The Pauli exclusion principle and the Pfaffian

Question

We are talking about spinless fermion many-body wavefunctions.

The determinant is a very nice structure for the Pauli exclusion principle, this is because when two single-particle states are the same, the many-body wave function will become zero automatically. We start from a completely orthogonal set of single-particle state to construct Slater determinant.

However, I am not very clear about Pfaffian. Because we use the two-particle wave function as the building block. And we only use one building block.

For example:

Suppose we have the two-particles wavefunction $ g(x_1,x_2)=e^{ik_0 x_1} e^{-ik_0 x_2}-e^{ik_0 x_2} e^{-ik_0 x_1} = \sin(k_0 (x_1 -x_2)) $

to save typing, let set $k_0=1$ and $g_{12}=g(x_1,x_2)$

$g_{12}=\sin(x_1-x_2)$ means we have two particles occupying $k_0=\pm 1$ states.

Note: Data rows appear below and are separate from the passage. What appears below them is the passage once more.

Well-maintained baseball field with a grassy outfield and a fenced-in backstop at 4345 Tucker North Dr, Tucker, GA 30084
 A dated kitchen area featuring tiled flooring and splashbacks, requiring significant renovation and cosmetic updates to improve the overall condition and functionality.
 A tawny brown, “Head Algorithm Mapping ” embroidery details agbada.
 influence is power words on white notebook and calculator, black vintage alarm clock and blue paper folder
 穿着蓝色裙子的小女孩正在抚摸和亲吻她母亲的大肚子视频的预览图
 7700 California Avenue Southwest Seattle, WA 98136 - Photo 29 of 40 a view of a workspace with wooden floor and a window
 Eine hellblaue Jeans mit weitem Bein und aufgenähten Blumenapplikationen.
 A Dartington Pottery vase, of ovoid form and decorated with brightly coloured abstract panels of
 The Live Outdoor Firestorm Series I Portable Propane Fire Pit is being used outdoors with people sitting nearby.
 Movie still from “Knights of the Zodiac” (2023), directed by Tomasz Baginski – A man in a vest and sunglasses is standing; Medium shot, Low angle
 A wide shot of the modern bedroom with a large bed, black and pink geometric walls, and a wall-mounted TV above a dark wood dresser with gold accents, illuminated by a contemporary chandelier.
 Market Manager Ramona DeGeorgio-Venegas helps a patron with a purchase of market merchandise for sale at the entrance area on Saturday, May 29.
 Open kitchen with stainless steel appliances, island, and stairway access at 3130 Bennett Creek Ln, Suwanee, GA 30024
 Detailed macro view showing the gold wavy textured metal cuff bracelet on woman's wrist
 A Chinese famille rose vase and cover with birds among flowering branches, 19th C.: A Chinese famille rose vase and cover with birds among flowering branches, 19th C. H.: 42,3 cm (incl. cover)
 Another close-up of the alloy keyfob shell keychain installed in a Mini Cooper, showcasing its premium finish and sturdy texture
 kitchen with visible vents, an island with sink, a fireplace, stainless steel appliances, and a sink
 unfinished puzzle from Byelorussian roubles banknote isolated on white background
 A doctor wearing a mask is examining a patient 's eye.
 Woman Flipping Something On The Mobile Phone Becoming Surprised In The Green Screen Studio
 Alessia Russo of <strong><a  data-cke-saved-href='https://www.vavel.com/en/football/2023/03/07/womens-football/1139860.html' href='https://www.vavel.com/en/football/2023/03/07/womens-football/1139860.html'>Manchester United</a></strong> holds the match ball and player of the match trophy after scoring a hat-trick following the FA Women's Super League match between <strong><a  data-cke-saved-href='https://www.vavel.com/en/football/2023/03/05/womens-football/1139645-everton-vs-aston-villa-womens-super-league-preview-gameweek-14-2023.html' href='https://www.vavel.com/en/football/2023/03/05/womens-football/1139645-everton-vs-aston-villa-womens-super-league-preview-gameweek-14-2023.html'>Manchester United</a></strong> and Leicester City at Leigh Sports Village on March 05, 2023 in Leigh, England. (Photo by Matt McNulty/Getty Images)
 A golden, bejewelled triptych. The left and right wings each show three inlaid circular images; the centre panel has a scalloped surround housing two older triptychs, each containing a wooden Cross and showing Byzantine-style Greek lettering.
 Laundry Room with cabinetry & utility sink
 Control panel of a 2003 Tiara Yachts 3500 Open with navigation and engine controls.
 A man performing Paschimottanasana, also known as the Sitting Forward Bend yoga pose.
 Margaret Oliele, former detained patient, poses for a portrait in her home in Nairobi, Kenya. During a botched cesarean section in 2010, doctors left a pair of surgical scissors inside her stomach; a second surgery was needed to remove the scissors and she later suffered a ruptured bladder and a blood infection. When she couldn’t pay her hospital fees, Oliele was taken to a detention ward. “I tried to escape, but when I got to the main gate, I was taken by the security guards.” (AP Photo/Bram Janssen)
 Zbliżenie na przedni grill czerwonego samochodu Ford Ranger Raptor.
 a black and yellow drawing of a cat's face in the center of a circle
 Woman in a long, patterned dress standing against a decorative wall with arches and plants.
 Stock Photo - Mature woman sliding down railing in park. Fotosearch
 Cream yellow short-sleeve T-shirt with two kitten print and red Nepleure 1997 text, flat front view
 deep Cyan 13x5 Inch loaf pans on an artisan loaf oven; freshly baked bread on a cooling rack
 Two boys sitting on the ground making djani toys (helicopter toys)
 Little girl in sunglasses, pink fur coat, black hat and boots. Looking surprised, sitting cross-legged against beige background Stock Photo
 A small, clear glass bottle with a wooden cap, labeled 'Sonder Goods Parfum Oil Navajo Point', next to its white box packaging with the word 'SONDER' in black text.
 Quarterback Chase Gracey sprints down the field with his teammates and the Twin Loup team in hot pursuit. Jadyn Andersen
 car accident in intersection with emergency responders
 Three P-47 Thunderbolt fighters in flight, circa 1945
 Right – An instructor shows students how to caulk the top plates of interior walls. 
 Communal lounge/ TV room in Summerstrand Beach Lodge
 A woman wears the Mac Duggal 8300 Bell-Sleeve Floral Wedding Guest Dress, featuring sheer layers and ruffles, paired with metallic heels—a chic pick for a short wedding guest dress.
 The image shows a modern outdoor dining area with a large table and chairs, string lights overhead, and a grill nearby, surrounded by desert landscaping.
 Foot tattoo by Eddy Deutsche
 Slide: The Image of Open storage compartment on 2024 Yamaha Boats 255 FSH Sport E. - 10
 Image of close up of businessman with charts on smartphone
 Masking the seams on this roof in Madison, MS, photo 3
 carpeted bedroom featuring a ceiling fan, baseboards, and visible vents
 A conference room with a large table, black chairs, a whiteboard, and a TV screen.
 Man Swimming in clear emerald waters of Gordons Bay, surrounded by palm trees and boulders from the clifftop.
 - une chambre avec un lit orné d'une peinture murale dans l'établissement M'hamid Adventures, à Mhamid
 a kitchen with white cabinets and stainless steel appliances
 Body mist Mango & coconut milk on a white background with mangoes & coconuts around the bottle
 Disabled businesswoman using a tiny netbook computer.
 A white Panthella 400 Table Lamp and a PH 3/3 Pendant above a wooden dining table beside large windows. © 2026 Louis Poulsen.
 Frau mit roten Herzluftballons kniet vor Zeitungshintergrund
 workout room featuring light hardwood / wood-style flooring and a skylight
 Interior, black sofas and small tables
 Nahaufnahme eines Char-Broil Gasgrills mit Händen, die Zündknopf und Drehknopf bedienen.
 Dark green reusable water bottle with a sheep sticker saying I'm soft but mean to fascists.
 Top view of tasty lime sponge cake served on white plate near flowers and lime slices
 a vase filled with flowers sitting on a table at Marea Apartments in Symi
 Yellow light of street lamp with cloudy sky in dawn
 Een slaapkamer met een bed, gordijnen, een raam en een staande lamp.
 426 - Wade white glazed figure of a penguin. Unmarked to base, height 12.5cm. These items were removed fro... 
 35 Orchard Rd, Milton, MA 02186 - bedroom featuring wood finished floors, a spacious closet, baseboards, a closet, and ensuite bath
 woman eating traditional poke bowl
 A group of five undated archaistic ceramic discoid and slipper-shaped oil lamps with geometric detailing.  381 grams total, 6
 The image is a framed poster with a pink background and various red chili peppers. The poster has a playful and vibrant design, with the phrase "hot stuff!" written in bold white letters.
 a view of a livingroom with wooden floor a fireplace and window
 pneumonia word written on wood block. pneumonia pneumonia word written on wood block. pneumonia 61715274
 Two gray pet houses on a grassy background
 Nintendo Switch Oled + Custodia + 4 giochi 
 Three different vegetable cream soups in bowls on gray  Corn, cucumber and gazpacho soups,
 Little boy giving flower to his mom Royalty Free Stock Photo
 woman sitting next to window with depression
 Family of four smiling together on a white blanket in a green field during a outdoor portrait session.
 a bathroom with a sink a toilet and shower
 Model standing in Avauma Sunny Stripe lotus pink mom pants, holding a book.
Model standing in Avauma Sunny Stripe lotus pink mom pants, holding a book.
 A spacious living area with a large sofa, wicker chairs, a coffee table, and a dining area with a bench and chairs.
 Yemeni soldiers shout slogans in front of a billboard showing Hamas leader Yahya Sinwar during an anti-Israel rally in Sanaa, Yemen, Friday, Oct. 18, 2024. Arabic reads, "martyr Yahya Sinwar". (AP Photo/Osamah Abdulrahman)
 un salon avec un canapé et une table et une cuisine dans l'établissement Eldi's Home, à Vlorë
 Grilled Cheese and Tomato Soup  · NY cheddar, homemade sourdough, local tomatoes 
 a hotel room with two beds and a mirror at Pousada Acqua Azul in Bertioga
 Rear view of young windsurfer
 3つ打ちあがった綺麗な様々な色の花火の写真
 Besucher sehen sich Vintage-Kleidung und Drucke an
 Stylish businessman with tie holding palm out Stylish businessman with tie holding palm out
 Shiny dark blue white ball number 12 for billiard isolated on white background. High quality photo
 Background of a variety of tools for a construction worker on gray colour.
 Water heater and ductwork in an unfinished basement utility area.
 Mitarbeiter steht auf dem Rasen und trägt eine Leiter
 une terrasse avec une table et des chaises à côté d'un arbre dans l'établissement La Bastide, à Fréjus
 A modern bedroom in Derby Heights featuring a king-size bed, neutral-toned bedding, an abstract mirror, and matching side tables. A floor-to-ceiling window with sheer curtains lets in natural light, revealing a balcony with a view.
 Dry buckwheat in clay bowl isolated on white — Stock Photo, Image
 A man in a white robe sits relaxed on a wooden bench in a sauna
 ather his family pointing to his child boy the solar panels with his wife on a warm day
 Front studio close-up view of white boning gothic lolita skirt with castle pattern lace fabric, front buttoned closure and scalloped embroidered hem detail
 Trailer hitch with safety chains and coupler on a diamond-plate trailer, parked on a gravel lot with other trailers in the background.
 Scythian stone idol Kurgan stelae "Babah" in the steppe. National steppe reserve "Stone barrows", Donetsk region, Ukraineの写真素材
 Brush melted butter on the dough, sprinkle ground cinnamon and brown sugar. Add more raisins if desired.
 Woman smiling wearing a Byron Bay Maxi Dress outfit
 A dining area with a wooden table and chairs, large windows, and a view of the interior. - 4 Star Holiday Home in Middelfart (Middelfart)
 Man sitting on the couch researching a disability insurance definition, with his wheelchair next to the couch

Now, let's use Pfaffian to construct a 4-body wavefunction:

$$\Psi(x_1,x_2,x_3,x_4)\\=\sin(x_1-x_2)\sin(x_3-x_4)-\sin(x_1-x_3)\sin(x_2-x_4)+\sin(x_1-x_4)\sin(x_2-x_3)$$

Or the shorter notation:

$\Psi_4:=g_{12}g_{34}-g_{13}g_{24}+ g_{14}g_{23}:= \textbf{Pf}[g_{ij}]$

My question, we have only two single-particle states $k_0=\pm 1$, but there are 4 particles. Is it contradict with the Pauli exclusion principle?

Answer 1

It is not a contradiction because the Pfaffian you computed vanishes. Let me call $x_{ij} = x_i-x_j$. For $k \neq i$ or $j$ we have $$ \sin(x_{ij}) = \sin(x_{ik}+x_{kj}) = \sin(x_{ik})\cos(x_{kj}) + \cos(x_{ik})\sin(x_{kj}) $$ Building on OP's notation let me further define $h_{ij} = \cos(x_{ij})$. The Pfaffian reads $$ \begin{align} \Psi_4 &= g_{34}(g_{13}h_{23} - h_{13}g_{23}) - g_{13}(g_{23}h_{34}+h_{23}g_{34})+g_{14}g_{23} \\&= g_{34}(g_{13}h_{23} - g_{13}h_{23} - h_{13}g_{23}) + g_{23}(g_{14}-g_{13}h_{34})\\&= g_{23}(g_{14}-g_{13}h_{34}-h_{13}g_{34}) = \\&= g_{23}(g_{14}-g_{14}) = 0\,. \end{align} $$